Block Island students see Washington 'Close Up'
Last week six Block Island School students traveled to Washington, D.C. with history teacher Shannon Booth to explore how democracy and government functions in the United States as part of the Close Up Program. Close Up is a nonprofit organization with the mission to “inform, inspire, and empower students to exercise the rights and accept the responsibilities of citizens in a democracy.”
Alongside 146 other students representing 13 states, and including four other Rhode Island students who accompanied them on the trip, Alex Brady, Grace O’Neill, James McNerny, Griffen Hall, Thea Monje and Tadhg O’Neill engaged in a detailed study of government led by Close Up and its staff.
Participants enjoyed four days full of onsite visits, workshops, seminars, museums, and debates.

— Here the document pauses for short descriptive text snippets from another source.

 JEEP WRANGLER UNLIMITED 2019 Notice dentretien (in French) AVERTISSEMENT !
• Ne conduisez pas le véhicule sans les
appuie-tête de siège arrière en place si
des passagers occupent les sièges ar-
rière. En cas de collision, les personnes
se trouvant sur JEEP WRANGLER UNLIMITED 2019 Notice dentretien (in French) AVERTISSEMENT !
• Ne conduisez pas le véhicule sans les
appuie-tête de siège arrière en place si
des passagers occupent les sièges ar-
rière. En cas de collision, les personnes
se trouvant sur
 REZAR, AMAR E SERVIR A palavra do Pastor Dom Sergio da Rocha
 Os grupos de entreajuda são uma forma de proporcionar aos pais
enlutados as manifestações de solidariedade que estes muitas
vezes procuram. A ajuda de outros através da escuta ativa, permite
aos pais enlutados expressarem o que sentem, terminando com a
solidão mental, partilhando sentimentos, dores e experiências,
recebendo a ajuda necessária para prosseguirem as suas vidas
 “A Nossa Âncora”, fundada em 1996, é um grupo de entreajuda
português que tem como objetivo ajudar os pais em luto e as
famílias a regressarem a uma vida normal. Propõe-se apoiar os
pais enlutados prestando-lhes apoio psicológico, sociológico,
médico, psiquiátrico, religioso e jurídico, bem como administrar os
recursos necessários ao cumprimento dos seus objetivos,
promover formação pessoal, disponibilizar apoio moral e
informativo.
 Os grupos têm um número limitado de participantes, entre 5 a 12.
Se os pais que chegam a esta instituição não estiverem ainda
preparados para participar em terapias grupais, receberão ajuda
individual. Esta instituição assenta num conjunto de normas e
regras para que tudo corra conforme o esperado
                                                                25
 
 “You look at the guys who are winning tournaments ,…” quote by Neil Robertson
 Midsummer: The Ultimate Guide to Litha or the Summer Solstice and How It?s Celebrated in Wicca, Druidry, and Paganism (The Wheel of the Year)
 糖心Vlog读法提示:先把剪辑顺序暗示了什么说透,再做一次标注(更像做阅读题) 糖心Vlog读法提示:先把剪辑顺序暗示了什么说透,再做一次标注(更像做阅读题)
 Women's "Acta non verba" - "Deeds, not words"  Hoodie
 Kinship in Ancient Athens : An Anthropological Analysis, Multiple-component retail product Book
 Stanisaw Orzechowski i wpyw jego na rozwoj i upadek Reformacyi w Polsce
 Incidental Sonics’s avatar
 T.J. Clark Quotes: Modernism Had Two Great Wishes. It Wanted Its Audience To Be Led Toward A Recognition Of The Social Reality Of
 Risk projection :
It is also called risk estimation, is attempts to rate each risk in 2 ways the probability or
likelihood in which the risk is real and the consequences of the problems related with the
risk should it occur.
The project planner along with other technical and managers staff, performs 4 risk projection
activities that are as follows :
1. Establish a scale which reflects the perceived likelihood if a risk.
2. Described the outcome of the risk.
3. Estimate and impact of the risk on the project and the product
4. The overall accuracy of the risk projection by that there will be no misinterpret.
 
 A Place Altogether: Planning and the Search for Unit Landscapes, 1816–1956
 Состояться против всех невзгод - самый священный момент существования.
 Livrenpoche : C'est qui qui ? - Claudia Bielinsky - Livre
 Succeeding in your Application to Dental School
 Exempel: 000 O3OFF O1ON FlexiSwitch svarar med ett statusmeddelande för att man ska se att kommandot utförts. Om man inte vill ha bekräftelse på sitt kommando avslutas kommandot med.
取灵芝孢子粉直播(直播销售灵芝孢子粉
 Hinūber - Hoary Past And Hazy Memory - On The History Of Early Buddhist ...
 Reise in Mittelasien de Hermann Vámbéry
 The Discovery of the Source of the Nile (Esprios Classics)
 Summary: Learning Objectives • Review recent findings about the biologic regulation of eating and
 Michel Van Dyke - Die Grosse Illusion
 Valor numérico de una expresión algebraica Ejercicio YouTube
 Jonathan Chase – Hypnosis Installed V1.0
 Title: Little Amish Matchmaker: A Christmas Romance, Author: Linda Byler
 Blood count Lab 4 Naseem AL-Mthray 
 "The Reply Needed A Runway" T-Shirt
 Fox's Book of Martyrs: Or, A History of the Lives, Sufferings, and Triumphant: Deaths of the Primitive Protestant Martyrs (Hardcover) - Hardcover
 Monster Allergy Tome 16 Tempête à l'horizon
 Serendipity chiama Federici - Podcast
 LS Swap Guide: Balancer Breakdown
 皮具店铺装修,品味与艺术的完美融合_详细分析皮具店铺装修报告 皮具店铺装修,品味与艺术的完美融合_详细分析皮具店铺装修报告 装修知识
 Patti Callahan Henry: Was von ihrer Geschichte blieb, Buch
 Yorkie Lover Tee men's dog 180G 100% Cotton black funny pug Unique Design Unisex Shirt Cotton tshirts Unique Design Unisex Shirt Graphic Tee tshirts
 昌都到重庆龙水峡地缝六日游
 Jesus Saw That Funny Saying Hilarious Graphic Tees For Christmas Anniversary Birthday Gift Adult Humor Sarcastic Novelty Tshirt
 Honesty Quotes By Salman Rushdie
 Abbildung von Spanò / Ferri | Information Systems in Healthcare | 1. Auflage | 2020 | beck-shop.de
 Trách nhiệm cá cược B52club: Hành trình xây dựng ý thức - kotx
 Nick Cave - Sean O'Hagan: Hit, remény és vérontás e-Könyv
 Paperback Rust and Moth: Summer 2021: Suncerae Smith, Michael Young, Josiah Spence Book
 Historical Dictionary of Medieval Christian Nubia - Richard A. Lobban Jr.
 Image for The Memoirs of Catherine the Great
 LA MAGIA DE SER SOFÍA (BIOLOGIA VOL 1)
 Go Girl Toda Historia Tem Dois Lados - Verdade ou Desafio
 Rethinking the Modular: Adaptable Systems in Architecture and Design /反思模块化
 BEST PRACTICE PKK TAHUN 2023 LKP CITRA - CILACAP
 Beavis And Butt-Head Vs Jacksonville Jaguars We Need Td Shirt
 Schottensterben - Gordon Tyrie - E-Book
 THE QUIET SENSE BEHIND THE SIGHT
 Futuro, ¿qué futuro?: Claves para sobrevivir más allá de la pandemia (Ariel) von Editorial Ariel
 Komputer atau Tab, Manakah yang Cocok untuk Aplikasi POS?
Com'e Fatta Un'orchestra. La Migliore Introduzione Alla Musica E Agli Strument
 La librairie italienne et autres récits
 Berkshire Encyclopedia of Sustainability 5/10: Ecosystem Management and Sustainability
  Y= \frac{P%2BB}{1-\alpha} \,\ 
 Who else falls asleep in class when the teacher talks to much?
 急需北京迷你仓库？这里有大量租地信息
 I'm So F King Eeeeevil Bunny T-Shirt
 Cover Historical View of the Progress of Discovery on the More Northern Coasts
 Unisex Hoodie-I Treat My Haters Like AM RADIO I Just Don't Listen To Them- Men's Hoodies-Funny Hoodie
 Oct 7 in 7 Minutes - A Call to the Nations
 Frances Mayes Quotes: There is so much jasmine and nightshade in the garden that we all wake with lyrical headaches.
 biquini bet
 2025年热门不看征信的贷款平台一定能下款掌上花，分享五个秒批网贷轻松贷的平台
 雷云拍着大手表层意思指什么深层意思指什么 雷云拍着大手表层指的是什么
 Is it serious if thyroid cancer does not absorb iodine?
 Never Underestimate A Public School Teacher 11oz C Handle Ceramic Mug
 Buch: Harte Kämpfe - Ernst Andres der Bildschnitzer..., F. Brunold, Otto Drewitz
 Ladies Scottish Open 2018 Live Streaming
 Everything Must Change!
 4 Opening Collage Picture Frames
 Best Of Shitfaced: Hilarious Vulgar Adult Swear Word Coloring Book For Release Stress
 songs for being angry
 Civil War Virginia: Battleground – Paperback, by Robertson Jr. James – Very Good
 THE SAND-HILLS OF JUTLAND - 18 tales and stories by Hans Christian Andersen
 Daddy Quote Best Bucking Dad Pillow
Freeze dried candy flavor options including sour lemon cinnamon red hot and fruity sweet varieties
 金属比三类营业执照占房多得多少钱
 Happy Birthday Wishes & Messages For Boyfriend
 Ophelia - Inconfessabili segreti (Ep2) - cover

They visited the memorials of numerous historical figures, including Franklin Roosevelt, Thomas Jefferson, Martin Luther King, and Abraham Lincoln. They also visited the WWII, Vietnam, and Korean War memorials, and some students were able to chat with visiting veterans. And, of course, they didn’t miss all the iconic must-sees of DC, such as the White House, the Washington Monument, and all of Capitol Hill, including a tour of the House of Representatives Gallery.
Throughout the week students also made frequent museum stops, visiting renowned institutions such as the Smithsonian Air and Space Museum, the National Museum of the American Indian, the Holocaust Museum, and the Smithsonian Museum of American History. When they weren’t touring the city with instructors, they were given time to themselves to explore areas such as Georgetown and Dupont Circle, to delve into the neighborhoods and take in the atmosphere (and visit lots and lots of cupcake shops…). They were also a part of three seminars, one on drug policy and the war on drugs in America, a second with the American Red Cross where they were informed about the reality of child soldiers in the world, and the third with Felicia Sonmez, a political reporter for the Washington Post.
Back at the hotel, students participated in a “Capitol Hill Simulation” as a mock congress, and discussed bills that are currently being examined in Congress. Close Up also hosted a “Domestic Issues Debate,” where a liberal and a conservative volunteered to face off as students asked questions concerning issues they find critical. In smaller workshops, students also discussed the fundamentals of government and democracy, stated opinions on certain issues, and formed ties with other students.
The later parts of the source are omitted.